裕次郎の部屋710号室はこんな間取りだ。玄関ドアを開けるとすぐそこはリビングルームで、右手にガラスのパーティションを挟んでキッチンがある。正面は横長の大きな窓になっており、その先はベランダだ。リビングの右手にはベッドルーム、左手には水廻りが配されている。

いわゆる1LDKの間取りだが、今どきのマンションの田の字プランとは異なり、玄関三和土や廊下などがなく靴履きのまま玄関ドアを開けると広々とした空間と大きな窓が現れる。バーカウンターのようなハッチが設けられたオープンキッチン、収納で間仕切りながら設えられたインテリア、電動ブラインド、デスクとクローゼットが備わったベッドルームなど、シンプルでオープンで、日常性や生活感などとはおよそ無縁な空間にたちまち魅了された。これがマンションというものかと目を奪われた。

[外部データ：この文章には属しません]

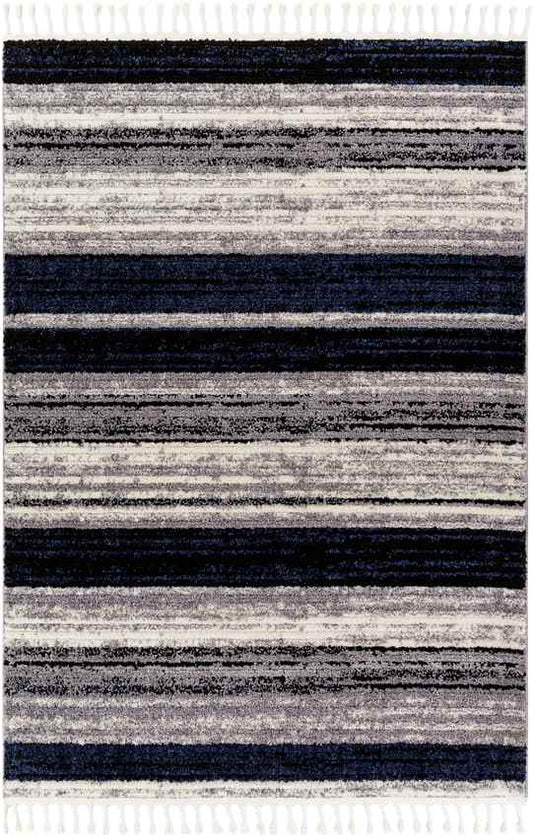 Vasilia Modern Black Area Rug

当時は、いわゆる第一次マンションブーム(1963~1964年・昭和38~39年)といわれたあたりでも、マンションといえば、都心に建つ、会社役員、経営者、芸能人、文化人など限られたクラスが住む高級レジデンスのことを指す言葉だった。

マスコミの寵児である北大作の住む「グリーンマンション」には、そうした日本のマンション黎明期の姿が投影されている。

ちなみに、いわゆるファミリー向けのマンションが普及していくのは、区分所有法が施行され(1963年・昭和38年)、民間金融機関の住宅ローンがマンションにも適用され、住宅金融公庫のマンション融資(1970年・昭和45年)が始まるなどする1970年前後からだ。

ジープとジャガーはひたすら一般道を走る。それもそのはず、1962年には東名高速も名神高速もまだ完成していない。東京オリンピックはその2年後のことだ。

日本は政治と産業の時代の真っただ中。1970年というピークに登り詰めてゆく最中の時期だ。国家と個人のアイデンティティ回復と経済成長のドライブがぴったりと一致していた幸福な時代だ。

本作が「記念碑的傑作」といわれるのは、そうした「大きな物語」(ジャン=フランソワ・リオタール)がまだ機能していた1962年という時期に、その後に訪れる消費社会というテーマを見据えているからでもある。

主人公二人の奇妙なルールとは、愛の形骸化、愛の倦怠、愛の日常化という現実的な愛の脆さを知っているがゆえに、そうした現実を否定し、虚構化(形式化)した愛を演じることだといえる。

それはアレクサンドル・コジェーブが『ヘーゲル読解入門』の注書きで語った「スノビズム(★1)」という態度に通底する。コジェーブの言う「スノビズム」とは、現実を「否定する実質的理由がないにもかかわらず、『形式的価値に基づいて』それを否定する行動様式」だ(東浩紀 『動物化するポストモダン』)。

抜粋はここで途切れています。